I'm writing optimised Floyd-Warshall algorithm on GPU using numba. I need it to work in a few seconds in case of 10k matricies. Right now the processing is done in around 60s. Here is my code:
def calcualte_distance_to_all_gpu(matrix):
threadsperblock = (32, 32)
blockspergrid_x = math.ceil(matrix.shape[0]/ threadsperblock[0])
blockspergrid_y = math.ceil(matrix.shape[1] / threadsperblock[1])
blockspergrid = (blockspergrid_x, blockspergrid_y)

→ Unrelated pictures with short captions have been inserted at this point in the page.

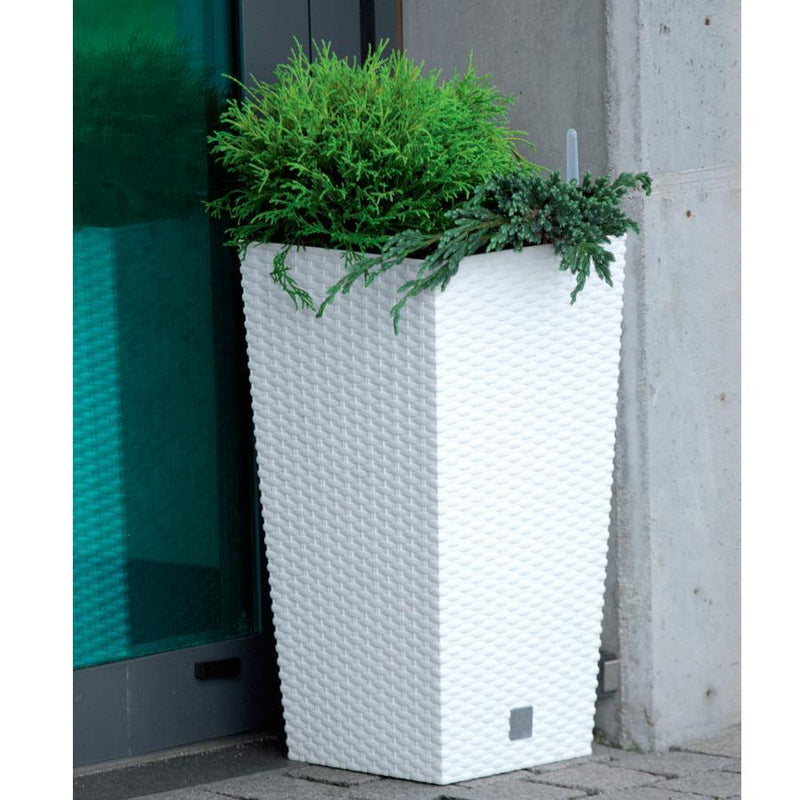 Matera Ratán Urbi 75 cm en uso Blanca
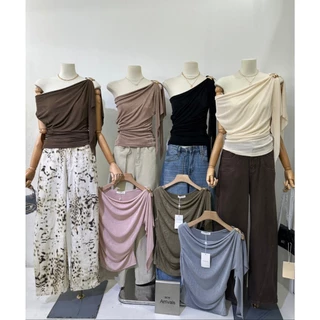 M2234 เสื้อรุ่นใหม่สไตล์เกาหลี ดีเทลไหล่เฉียง เสื้อที่สาวๆ ต้องมีติดตู้! ใส่แล้วดูแพง ดูเซ็กซี่แบบมีคลาส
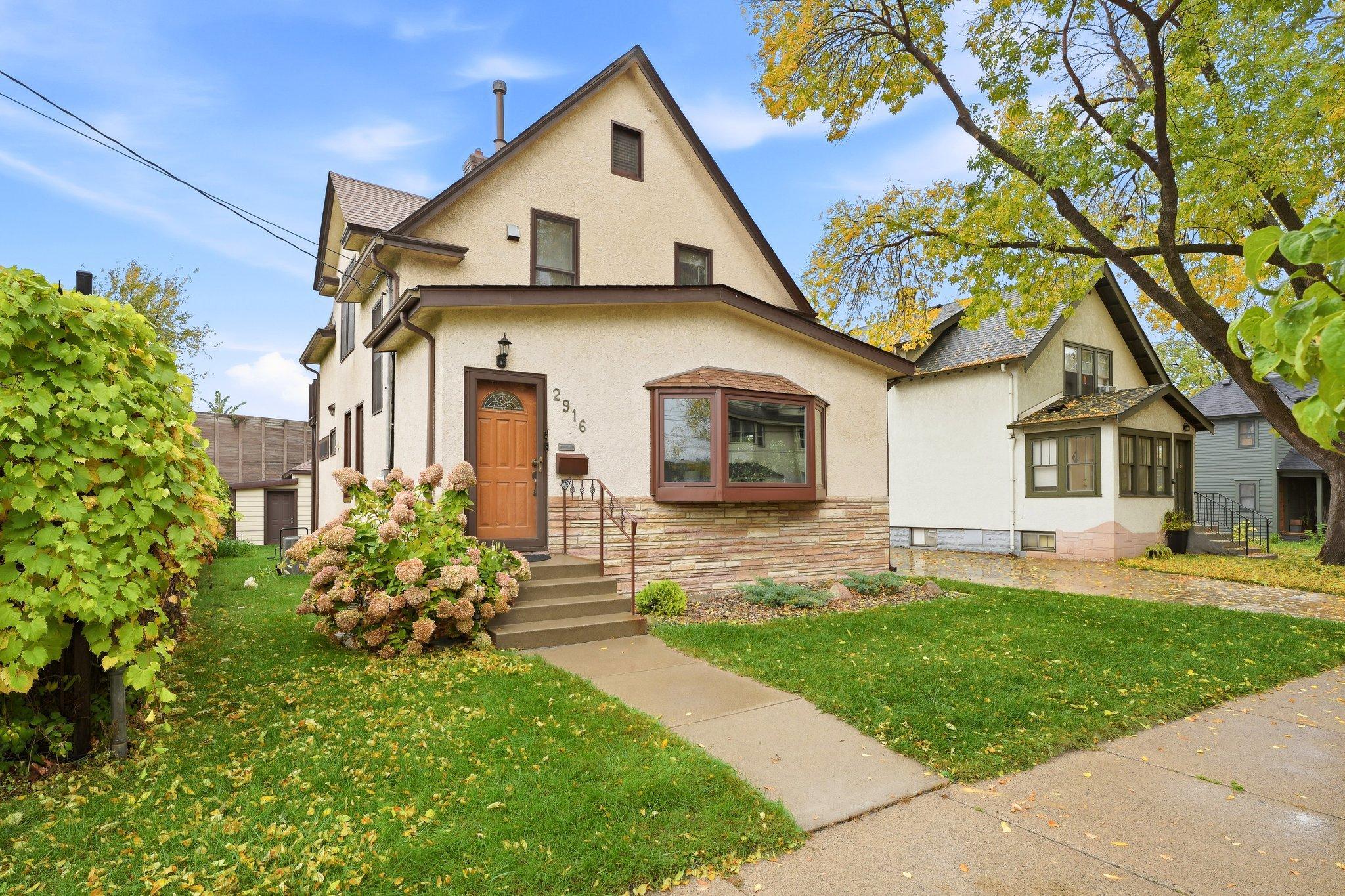 View of Duplex Up and Down at 2916 9th Street, Minneapolis - Mike Wilen | Minnesota Team Real Estate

calculate_distance_to_all_cuda[blockspergrid, threadsperblock](matrix)
@cuda.jit
def calculate_distance_to_all_cuda(matrix):
i, j = cuda.grid(2)
N = len(matrix)
for k in prange(N):
if i < matrix.shape[0] and j < matrix.shape[1]:
if matrix[i, k] + matrix[k, j] < matrix[i, j]:
matrix[i, j] = matrix[i, k] + matrix[k, j]
To be honest I'm pretty new to writing scripts on GPU, so do you have any ideas how to make this code even faster? I also noticed on my GPU that while processing there is only a small peak to 100% and then it's stops being busy, so maybe the problem is in sending data from CPU to GPU? If yes is there anyway to optimize this process? Or maybe should I use diffrent algorithm for this task?